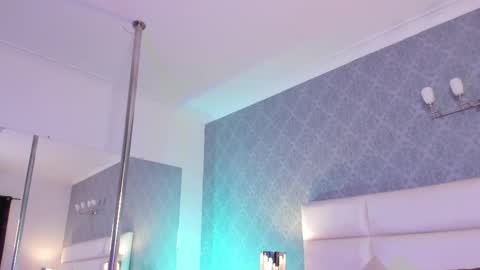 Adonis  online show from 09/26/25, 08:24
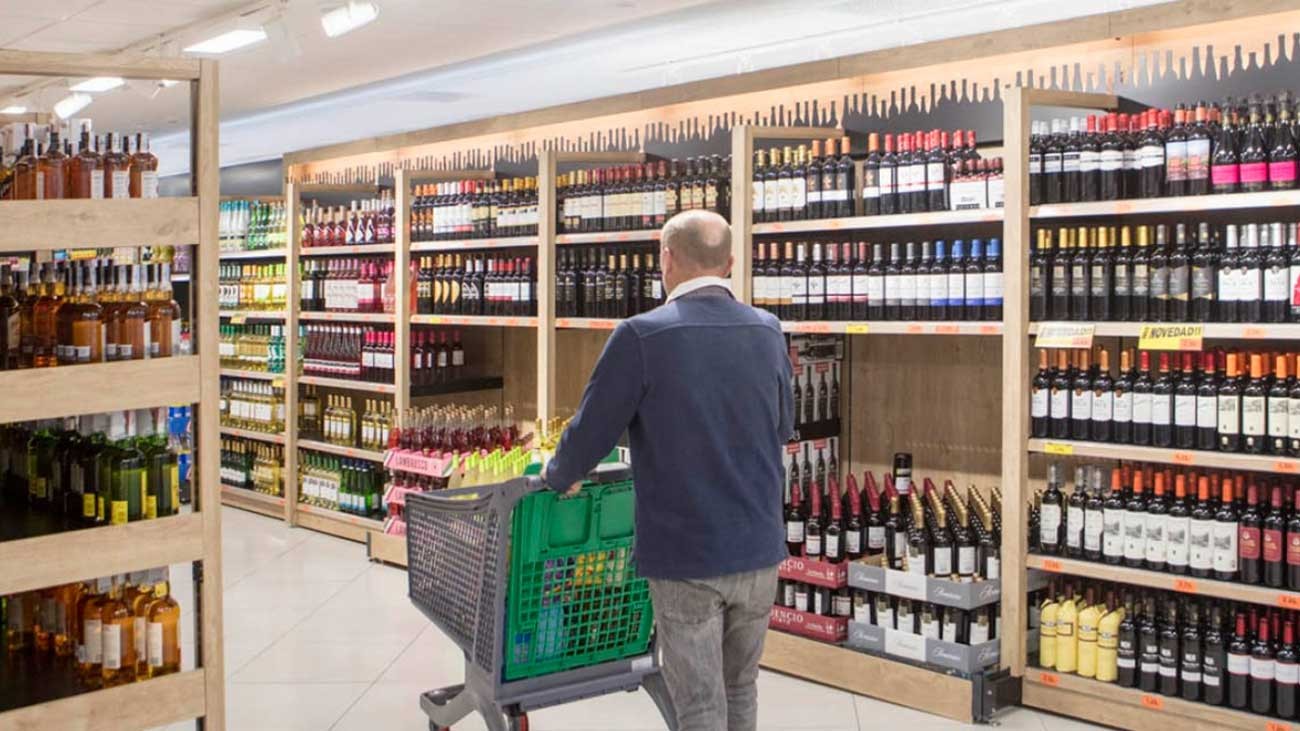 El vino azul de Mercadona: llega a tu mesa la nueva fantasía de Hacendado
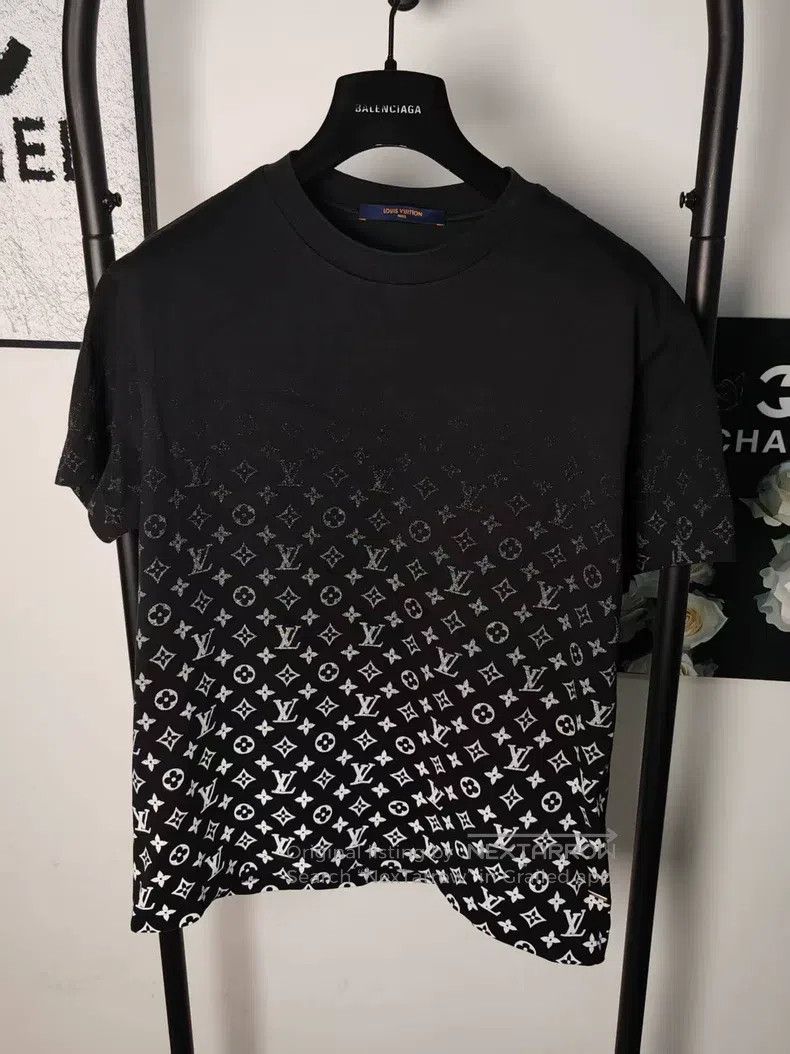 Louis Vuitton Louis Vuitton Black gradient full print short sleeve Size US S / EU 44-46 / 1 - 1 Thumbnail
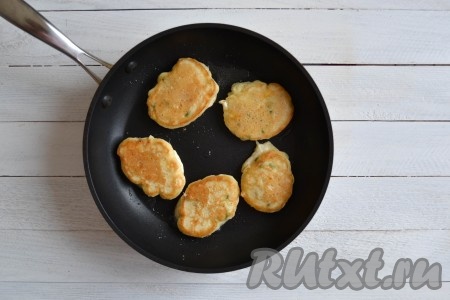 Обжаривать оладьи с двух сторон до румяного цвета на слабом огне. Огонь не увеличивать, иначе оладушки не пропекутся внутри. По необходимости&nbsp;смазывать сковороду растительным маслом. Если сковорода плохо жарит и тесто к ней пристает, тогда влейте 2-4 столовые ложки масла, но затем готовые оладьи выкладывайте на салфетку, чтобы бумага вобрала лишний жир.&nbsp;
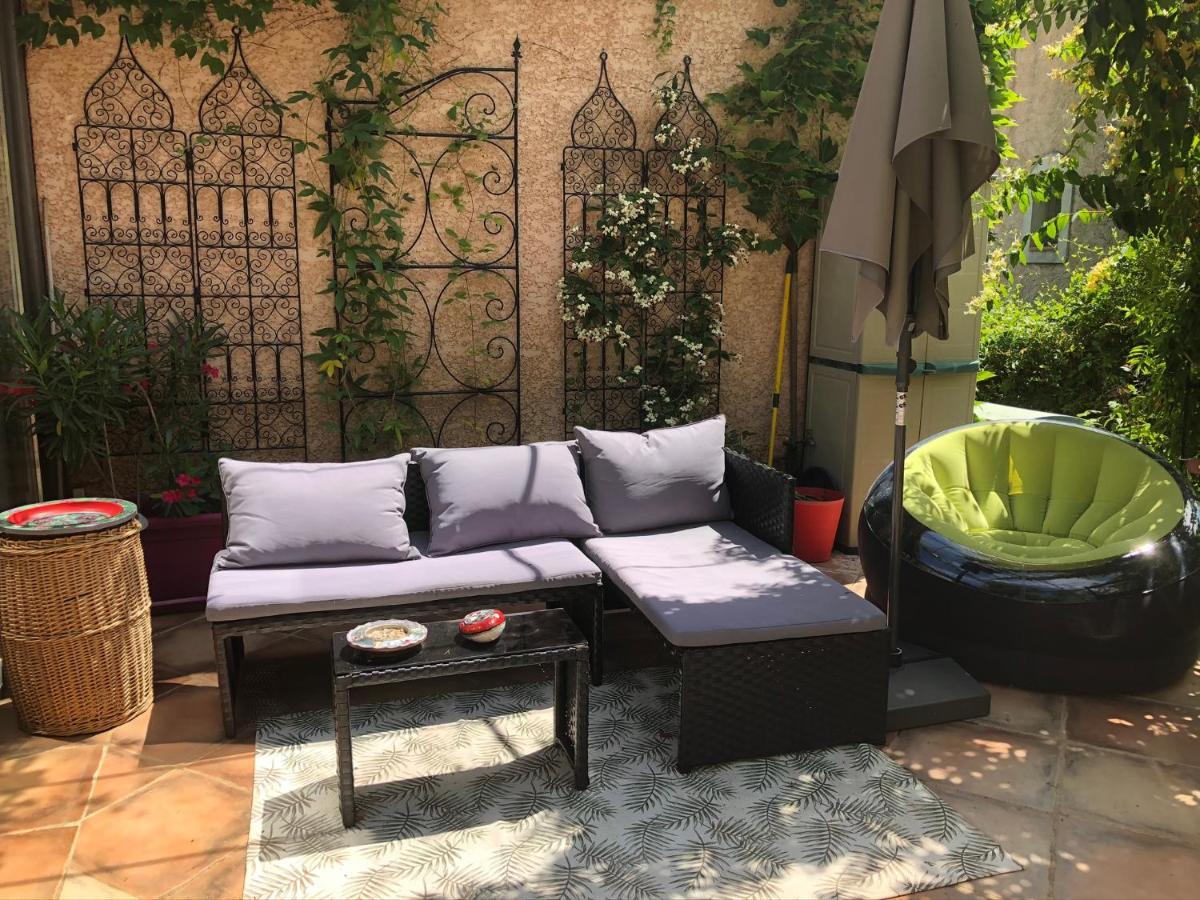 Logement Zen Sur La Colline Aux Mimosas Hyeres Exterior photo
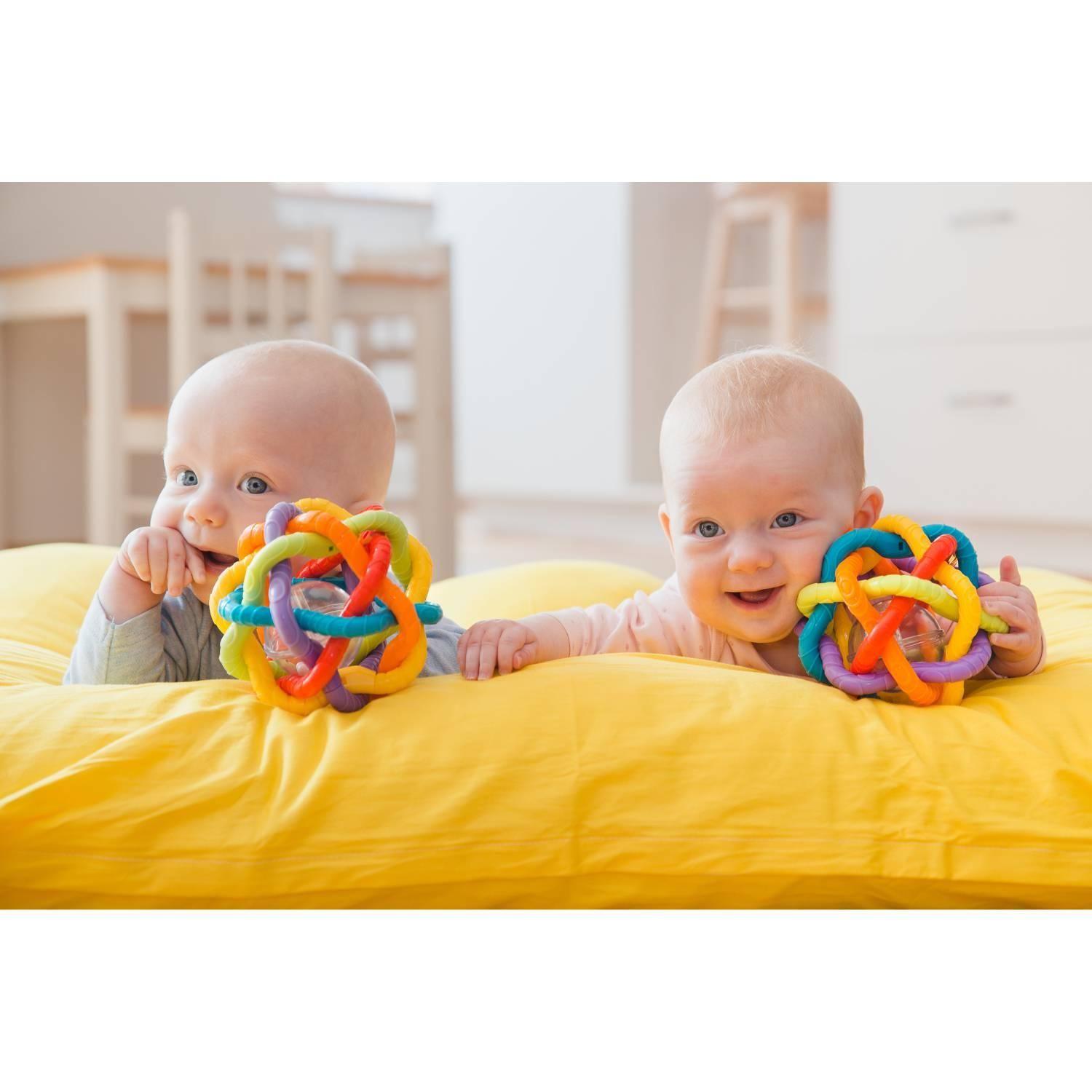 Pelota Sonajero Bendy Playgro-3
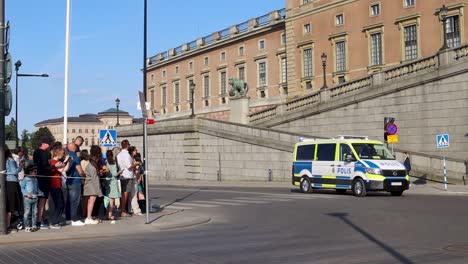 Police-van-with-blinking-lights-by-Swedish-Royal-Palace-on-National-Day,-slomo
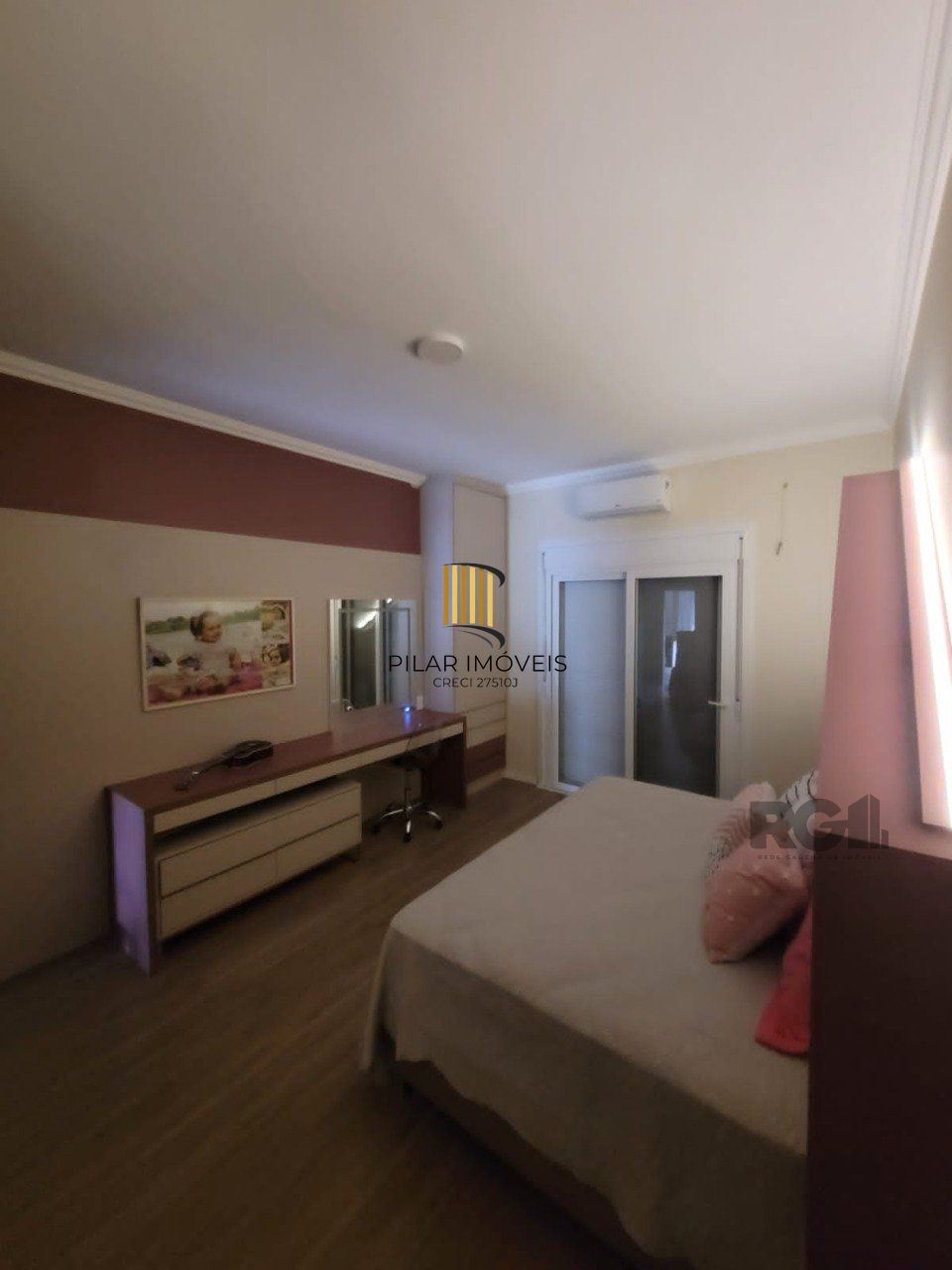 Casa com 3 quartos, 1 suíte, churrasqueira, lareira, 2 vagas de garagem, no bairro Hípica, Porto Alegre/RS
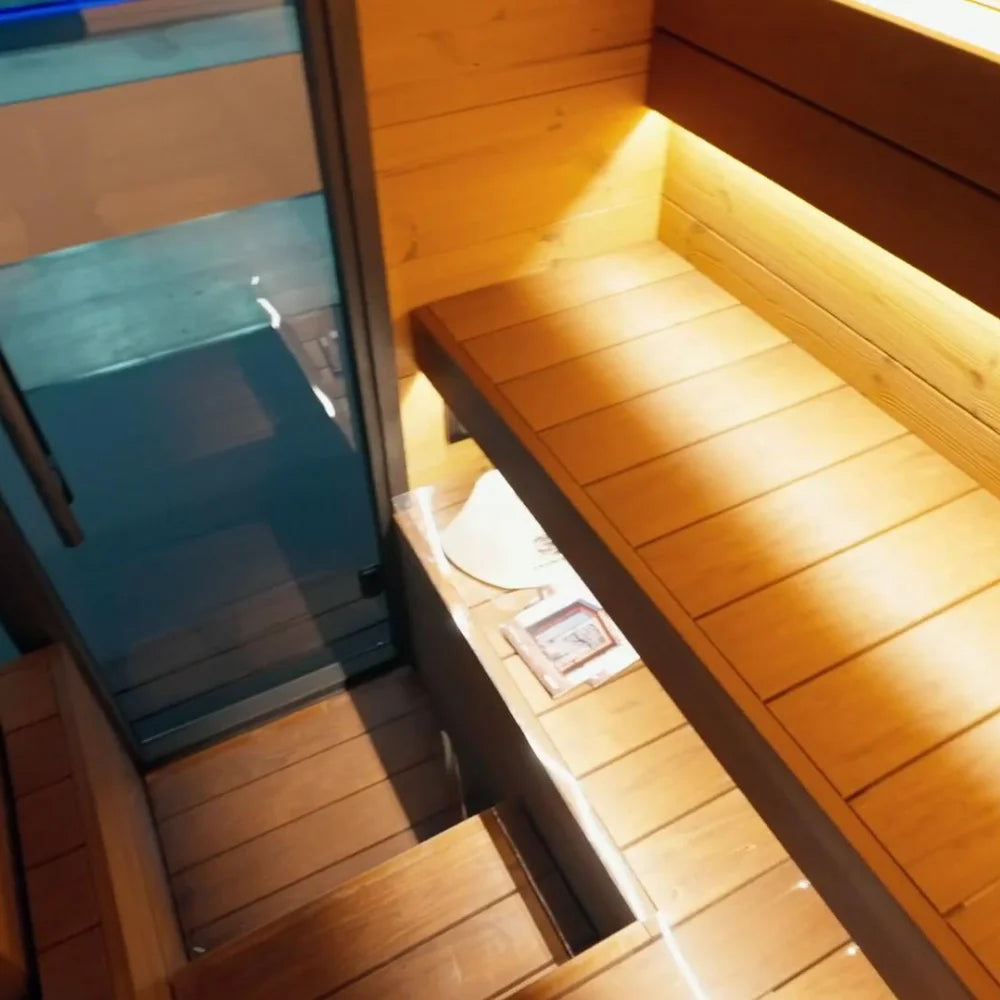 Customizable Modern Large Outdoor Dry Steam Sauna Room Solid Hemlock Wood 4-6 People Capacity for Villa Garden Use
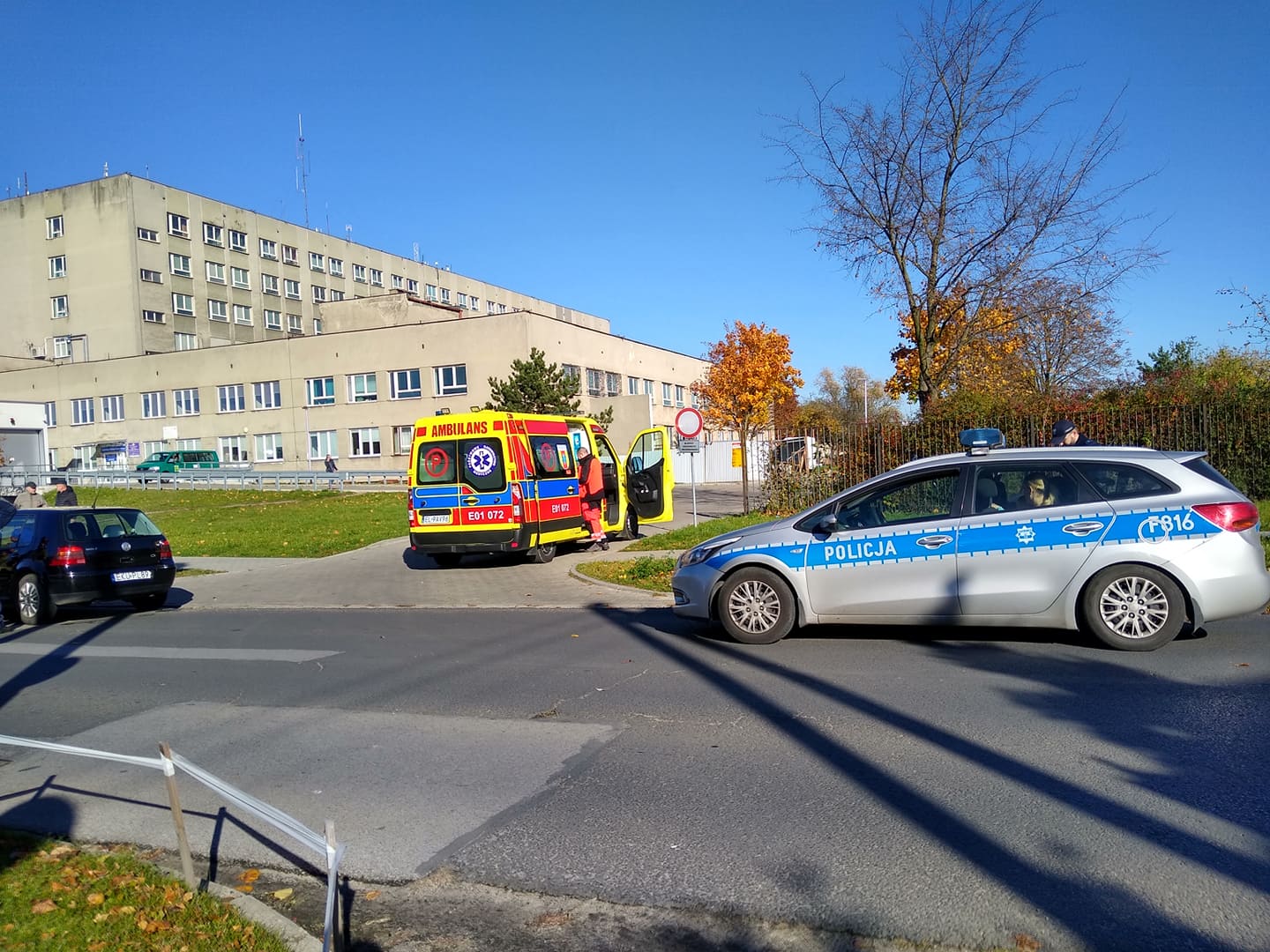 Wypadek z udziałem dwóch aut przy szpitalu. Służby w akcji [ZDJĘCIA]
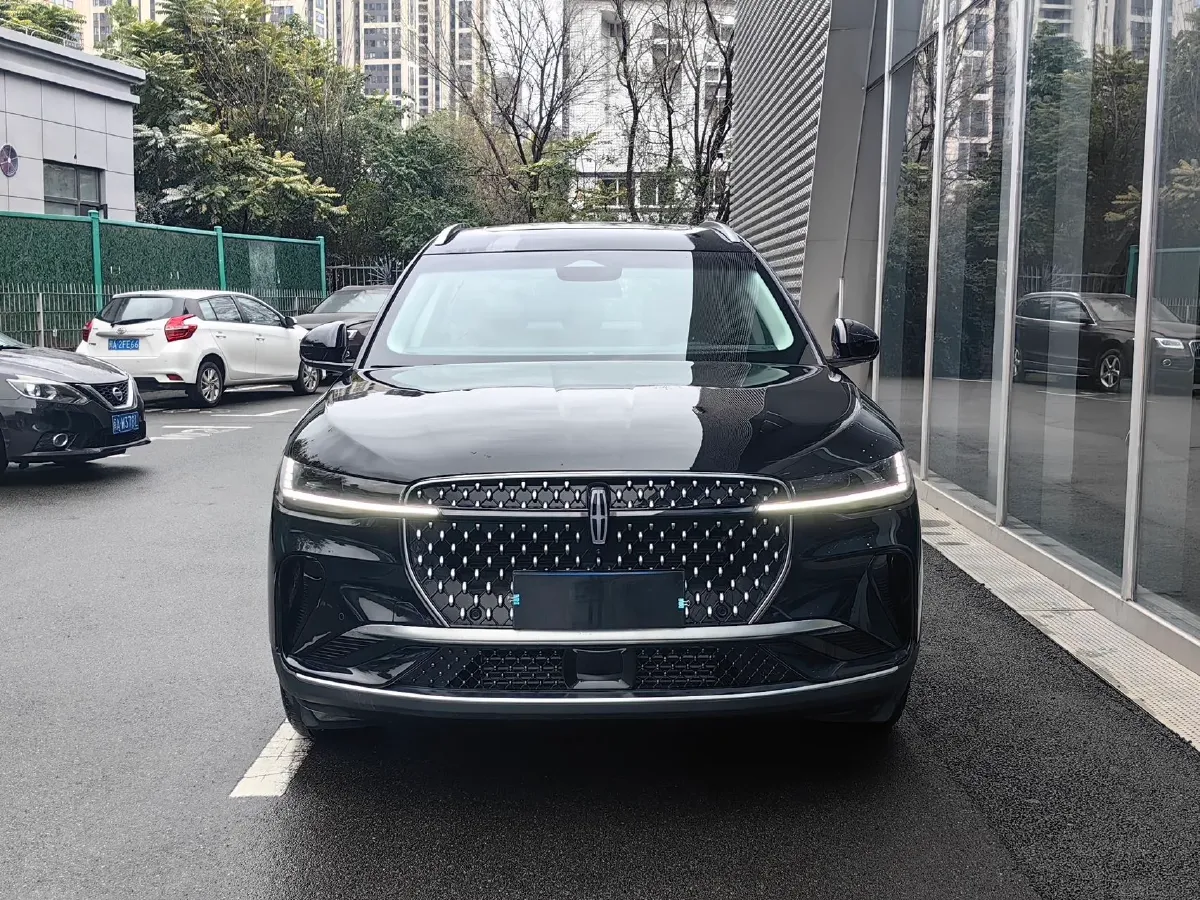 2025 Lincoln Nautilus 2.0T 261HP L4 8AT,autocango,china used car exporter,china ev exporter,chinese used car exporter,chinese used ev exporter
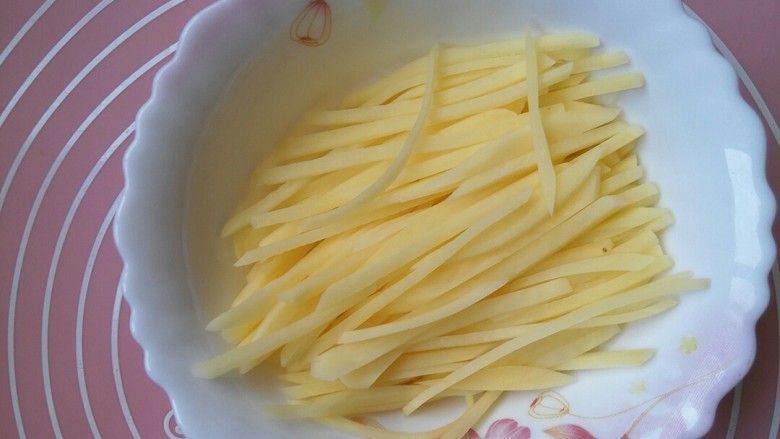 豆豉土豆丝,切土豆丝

####

To do: An exact copy of every record above is needed, with all pictures left out.

Answer section:
 Adonis  online show from 09/26/25, 08:24
 El vino azul de Mercadona: llega a tu mesa la nueva fantasía de Hacendado
 Louis Vuitton Louis Vuitton Black gradient full print short sleeve Size US S / EU 44-46 / 1 - 1 Thumbnail
 Обжаривать оладьи с двух сторон до румяного цвета на слабом огне. Огонь не увеличивать, иначе оладушки не пропекутся внутри. По необходимости&nbsp;смазывать сковороду растительным маслом. Если сковорода плохо жарит и тесто к ней пристает, тогда влейте 2-4 столовые ложки масла, но затем готовые оладьи выкладывайте на салфетку, чтобы бумага вобрала лишний жир.&nbsp;
 Logement Zen Sur La Colline Aux Mimosas Hyeres Exterior photo
 Pelota Sonajero Bendy Playgro-3
 Police-van-with-blinking-lights-by-Swedish-Royal-Palace-on-National-Day,-slomo
 Casa com 3 quartos, 1 suíte, churrasqueira, lareira, 2 vagas de garagem, no bairro Hípica, Porto Alegre/RS
 Customizable Modern Large Outdoor Dry Steam Sauna Room Solid Hemlock Wood 4-6 People Capacity for Villa Garden Use
 Wypadek z udziałem dwóch aut przy szpitalu. Służby w akcji [ZDJĘCIA]
 2025 Lincoln Nautilus 2.0T 261HP L4 8AT,autocango,china used car exporter,china ev exporter,chinese used car exporter,chinese used ev exporter
 豆豉土豆丝,切土豆丝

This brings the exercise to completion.